Se paró justo frente a mí. Mi cabeza le llegaba a la altura del pecho. Me pregunté, atolondrada, cómo luciría su rostro sin todas aquellas pinturas. No podía querer desear recorrerle las formas de la mandíbula con los dedos. Era imposible. Él extendió las manos y yo miré lo que me ofrecía: eran mis guantes. ¡Había venido a devolverme mis guantes! Había salido con tanta desesperación que los había olvidado sobre el clavicordio.
— Gra-gracias.
Namid me tomó de las muñecas y quise desaparecer, corroída por la vergüenza, cuando vio que portaba su venda. Bajé la mano con violencia, enrojecida hasta el extremo, pero él la volvió a coger, sonriendo. No enseñaba los dientes cuando lo hacía. Parecía henchido de alegría al ver que no me la había quitado. "Eres una estúpida, Catherine", pensé. Sus gráciles dedos volvieron a mis manos y me hicieron estremecer.
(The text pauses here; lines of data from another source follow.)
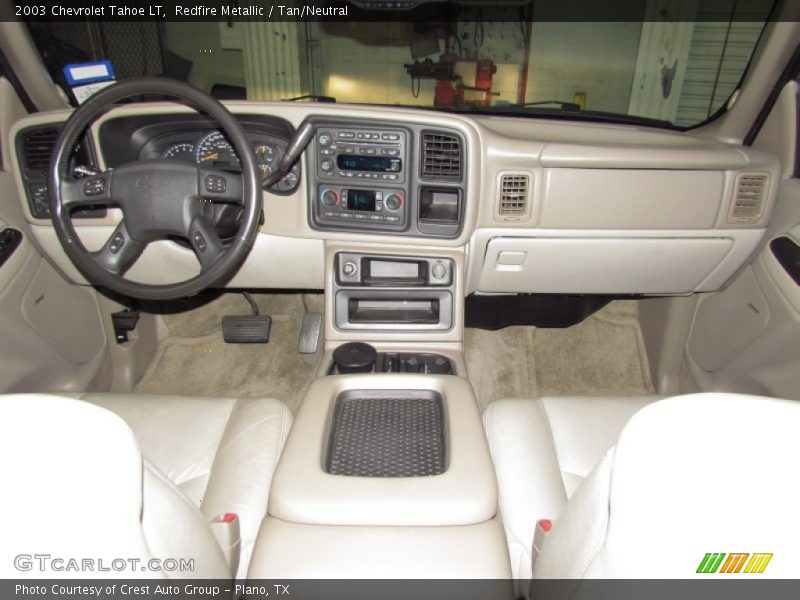 Redfire Metallic / Tan/Neutral 2003 Chevrolet Tahoe LT
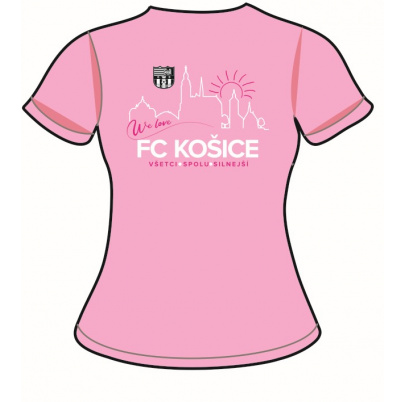 Dámske tričko FC Košice  MOJE MESTO - ružové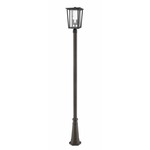 Seoul 519 Outdoor Pole Light - Oil Rubbed Bronze / Clear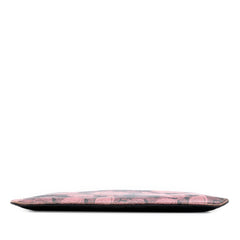 Chanel Large CC Quilted Calfskin Camellia Printed O Case Clutch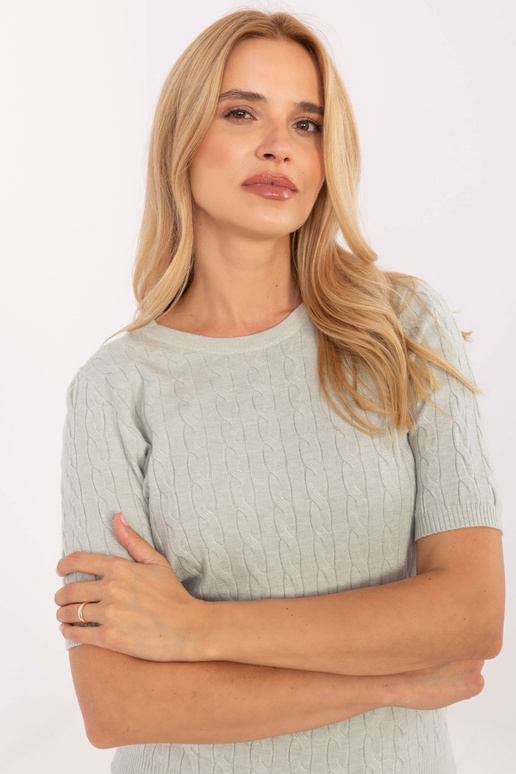 Pistāciju krāsas džemperis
Eran pausados y delicados, como el continuo flujo del agua de un río diminuto. Se introducían en los recovecos de la palma con prodigiosa facilidad. Mis labios dejaron de tensarse, entreabriéndose, cuando Namid me puso los guantes con lentitud. Lo hizo con torpeza, poco acostumbrado a aquellas prendas carentes de practicidad, pero sus movimientos eran sumamente sensuales. Mis fuerzas estaban abocadas al fracaso.
- Nishiime — dijo al soltar mis manos.
"Hermana", traduje.
Me miró directamente al llamarme hermana. ¿Cómo podían ser sus ojos tan cautivadores? Conforme los miraba, descubría otro rincón que hasta entonces había permanecido dormido y era de igual forma fascinante. ¿Cómo podíamos ser tan diferentes y al mismo tiempo tan iguales?
No pude echarme hacia atrás cuando volvió a extender sus dedos, largos y elegantes, y me apartó la mantilla del rostro. Al hacerlo, rozaron mi piel y creí desfallecer allí mismo. Al descubrirme las facciones, sonrió por un lado de la boca. No le gustaba que me cubriera. Dejó una de sus manos en al aire, cerca de la mantilla descubierta, e hizo el ademán de acariciarme la mejilla. Sofocada y absorta por su tacto, mi cuerpo se inclinó de forma automática al suyo. Él detuvo sus dedos a escasos centímetros, mirándome como quien sopesa un peligro inminente disfrazado de ensueño. Pareció querer decirme algo, pero mantuvo silencio, alejando la mano, y me dedicó una última mirada cándida antes de esfumarse.